You said there was no NBA game on Monday night. There was. And it was on _during_ RAW. AEW fans used an MTV reality show as an excuse as to why they don't draw. So, an NBA Playoff game certainly qualifies.

You were wrong. As always.


----------



## Mr. WrestleMania

Lenny Leonard said:


> Don't you know 927000 is a bigger number than 1.7 million?


Overall viewers only matter to them when they receive a million overall viewers. You should know that by now.


----------



## Randy Lahey

Showstopper said:


> You said there was no NBA game on Monday night. There was. And it was on _during_ RAW. AEW fans used an MTV reality show as an excuse as to why they don't draw. So, an NBA Playoff game certainly qualifies.
> 
> You were wrong. As always.


No, you explicitly made a comment about AEW finishing 6th on Cable on the night. It was because the NBA game was on.

Raw finished 2nd on Cable, but they did not have an NBA game on Cable to compete with. If they had, they’d have finished 6th too behind the NBA and NHL.

Unless you own WWE stock, it makes no sense for you to defend this company.

Evidently you can’t read because I explicitly said Raw was not competing against an NBA game ON CABLE. Dynamite was. That’s why Dynamite finished 6th and Raw 2nd.

Anyhow, whatever place you finish is irrelevant compared to the number you are putting up. USA isn’t paying Raw 5x to beat Dynamite 41-35. That’s insane


----------



## Mr. WrestleMania

Randy Lahey said:


> No, you explicitly made a comment about AEW finishing 6th on Cable on the night. It was because the NBA game was on.
> 
> Raw finished 2nd on Cable, but they did not have an NBA game on Cable to compete with. If they had, they’d have finished 6th too behind the NBA and NHL.
> 
> Unless you own WWE stock, it makes no sense for you to defend this company.
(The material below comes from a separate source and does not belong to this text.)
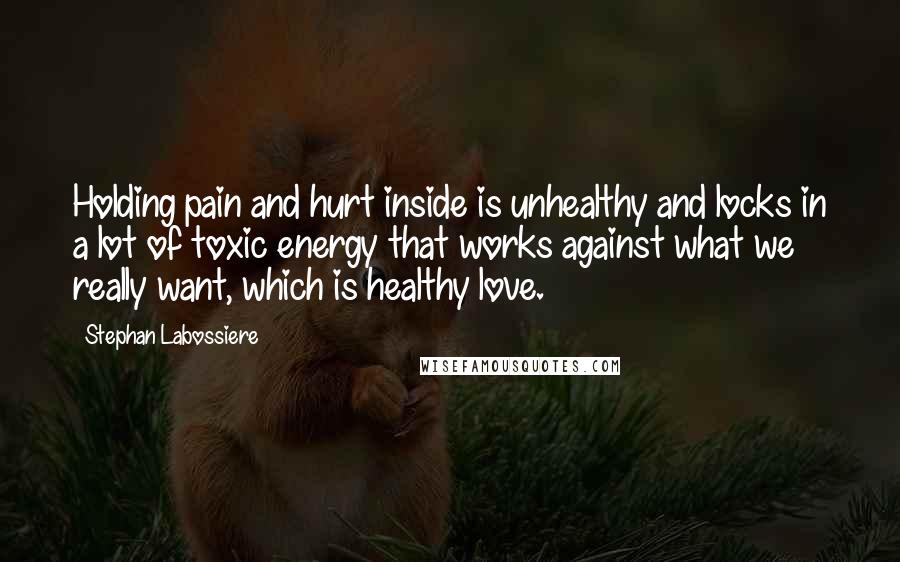 Stephan Labossiere Quotes: Holding pain and hurt inside is unhealthy and locks in a lot of toxic energy that works against what we really want, which is healthy love.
No, you explicitly stated that there was no NBA Playoff game on Monday night. Except there was. And it was on during RAW. That's direct competition no matter the channel that it's on.
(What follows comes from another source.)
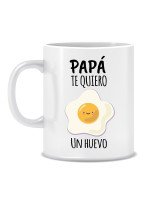 TAZA "PAPÁ TE QUIERO UN HUEVO"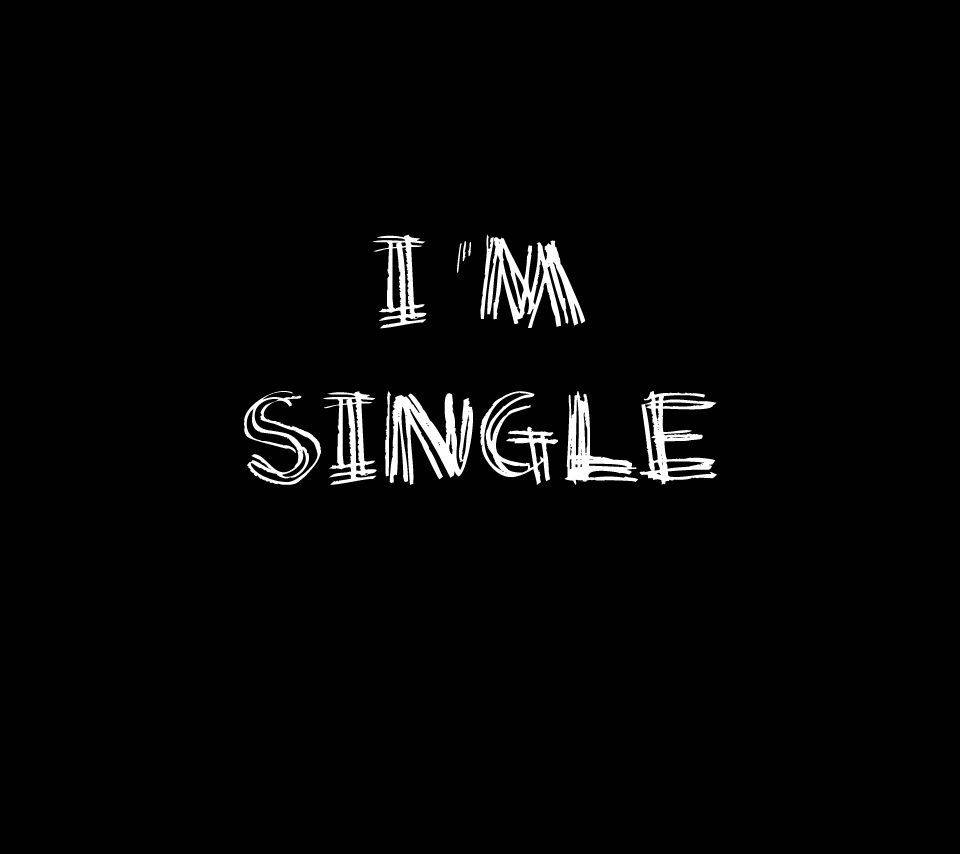 I Am Single Black Background Wallpaper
It makes no sense for you to defend a shit company like AEW that does terrible numbers. But you are also the same guy who said RAW would get no TV contract, and they went on to get the best TV contract in wrestling history. So, you're not the best one to judge logic, to be fair.


----------



## Randy Lahey

Help me with this logic:

If a 0.35 is a terrible number, then what is a 0.41? What number would Dynamite need to do for it not to be a terrible number?
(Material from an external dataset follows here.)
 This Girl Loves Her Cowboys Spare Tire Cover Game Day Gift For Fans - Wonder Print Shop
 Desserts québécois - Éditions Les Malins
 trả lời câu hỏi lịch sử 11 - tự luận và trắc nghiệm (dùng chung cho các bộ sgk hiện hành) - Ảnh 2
And given that it’s only a 3 year old company, the arena sellouts, PPV buys, demo numbers tell me they are doing great.


----------



## Mr. WrestleMania

Randy Lahey said:


> Help me with this logic:
> 
> If a 0.35 is a terrible number, then what is a 0.41? What number would Dynamite need to do for it not to be a terrible number?
> 
> And given that it’s only a 3 year old company, the arena sellouts, PPV buys, demo numbers tell me they are doing great.


That's .41 with a third hour that Dynamite doesn't have, and thus ending an hour later into the evening than Dynamite does and against a huge NBA Playoff game. But you're the same fella that has said that:

1) WWE would get no deal whatsoever on it's current deal a few years ago, which turned out to be so wrong considering they got the best TV deal in wrestling history.

2) Said earlier today that there was no NBA Playoff game on this past Monday night.

So, no one is surprised.

Some more fun facts:

WWE is doing "so bad", yet they make more money than they have in ANY time period in HISTORY.

RAW's third hour from last week beat EVERYTHING on Cable AND Network TV in that time-slot. THEIR THIRD HOUR. 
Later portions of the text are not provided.